Details: Your new novel, Imperial Bedrooms, revisits the characters from Less Than Zero. It turns out that your narrator, Clay, is arguably worse, morally, than American Psycho's Patrick Bateman.
Bret Easton Ellis: I'm not gonna disagree. Patrick Bateman is a much more ambiguous case. Because we're really not sure of what his crimes might or might not have been. Here, with Clay, there doesn't seem to be any question about that. I guess one of the questions is, well, why? Why did this happen to this person? I really wasn't that interested in the other characters, and neither is Clay. This became, for me, an exploration of intense narcissism.
Details: I thought some characters might have found some redemption in 25 years, but most of them seem creepier than ever.
Bret Easton Ellis: Isn't that what happens to most people? I mean, do 40-year-olds seem less or more creepy to you than 18-year-olds? I'm just throwing that out there. It was hard to look into that mirror.
Details: Your father was an alcoholic, but you still drink, at 46. Do you worry about going down the same road?
Bret Easton Ellis: He had already gone down a road so much worse than mine. By the time he was my age, I don't think he could've even talked to you. I don't think I'm at the same place he was.
Details: Have you ever felt the need to go to rehab?
Bret Easton Ellis: I followed someone into AA once, but only because I wanted to have sex with them. I was told the only way it was going to work between us was if I went to AA, so I pretended I was in AA to get laid. It only worked out for about four weeks, and then the jig was up.
Details: There's always been this casual approach to bisexuality in your books. There are characters who might sleep with a woman or sleep with a man, but you, the author, never seem to make a fuss about that.
Bret Easton Ellis: You're right.
Details: That's an interesting decision for a writer to make so young. Why did you make it?
Bret Easton Ellis: I really don't know! I would love to give you an answer—depicting me as extremely conscious of these choices. So many of the quote-unquote choices you make are emotionally based. That is an interesting aspect of my work. And why did I go that way when I was 18, 19, 20, writing Less Than Zero? I don't know. I mean, it just felt right to me. And I think it's how I've always felt about it—that it's not necessarily a big deal.
Details: You've been coy about your own sexuality in the past. Where do you stand on that now?
Bret Easton Ellis: Where do I stand on it now? I stand the same place that I've always stood on it, which is...which is what?
Details: My perception was that you were bisexual.

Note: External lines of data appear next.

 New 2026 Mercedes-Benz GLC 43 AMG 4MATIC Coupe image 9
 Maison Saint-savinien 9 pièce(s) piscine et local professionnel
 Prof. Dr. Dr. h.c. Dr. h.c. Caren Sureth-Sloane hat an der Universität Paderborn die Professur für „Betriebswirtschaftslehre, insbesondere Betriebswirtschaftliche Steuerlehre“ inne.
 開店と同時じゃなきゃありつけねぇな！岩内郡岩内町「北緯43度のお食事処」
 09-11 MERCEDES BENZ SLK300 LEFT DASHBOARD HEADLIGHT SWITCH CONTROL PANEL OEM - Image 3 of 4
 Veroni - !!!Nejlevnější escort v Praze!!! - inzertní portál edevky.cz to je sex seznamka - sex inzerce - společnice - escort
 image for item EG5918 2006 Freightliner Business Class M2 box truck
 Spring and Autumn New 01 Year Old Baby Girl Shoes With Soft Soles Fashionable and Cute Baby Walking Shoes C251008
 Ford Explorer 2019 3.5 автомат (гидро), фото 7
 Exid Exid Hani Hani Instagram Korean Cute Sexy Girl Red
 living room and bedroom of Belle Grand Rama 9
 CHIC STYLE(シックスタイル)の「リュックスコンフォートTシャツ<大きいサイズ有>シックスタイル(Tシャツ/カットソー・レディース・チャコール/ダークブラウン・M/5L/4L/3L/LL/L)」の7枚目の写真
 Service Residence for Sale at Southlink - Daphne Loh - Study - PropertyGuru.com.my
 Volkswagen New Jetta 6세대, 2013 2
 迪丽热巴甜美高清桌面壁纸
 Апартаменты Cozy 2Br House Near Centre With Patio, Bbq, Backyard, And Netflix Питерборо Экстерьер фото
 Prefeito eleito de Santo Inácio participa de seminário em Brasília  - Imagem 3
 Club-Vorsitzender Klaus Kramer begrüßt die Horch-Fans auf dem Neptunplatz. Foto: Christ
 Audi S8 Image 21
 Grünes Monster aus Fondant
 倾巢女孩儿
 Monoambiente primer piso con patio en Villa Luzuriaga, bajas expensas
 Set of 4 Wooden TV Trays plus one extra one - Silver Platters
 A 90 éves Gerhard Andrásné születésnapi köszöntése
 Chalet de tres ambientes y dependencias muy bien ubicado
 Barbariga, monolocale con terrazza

Bret Easton Ellis: I guess that it is the perception. I don't know if that's totally true. It seems to be the narrative that people respond to most, and there is a desire to keep that narrative going. I just tend not to relate to either straight or gay culture. That's where I'm at. And it's really not a confusing place.
Details: There's a scene in Imperial Bedrooms in which Clay falls asleep while listening to Duran Duran's "Hungry Like the Wolf," and you write about the song's "transporting me for one long moment into someone both young and old." Is that a sensation you have these days?
Bret Easton Ellis: Yeah, I guess I can say that. But I have to tell you, I always felt that way. I felt that way at 18. And I don't know if I feel any different now. Like, I had huge problems with my peers when I was writing Less Than Zero, so I already felt like an old man when I was writing that book.
Details: I've noticed that when you fly JetBlue into the Burbank airport, they're always playing eighties New Wave music on the sound system in the terminal: Oingo Boingo, the Thompson Twins, the Psychedelic Furs...
Bret Easton Ellis: The Burbank airport has the best music playing! No other airport has that kind of music.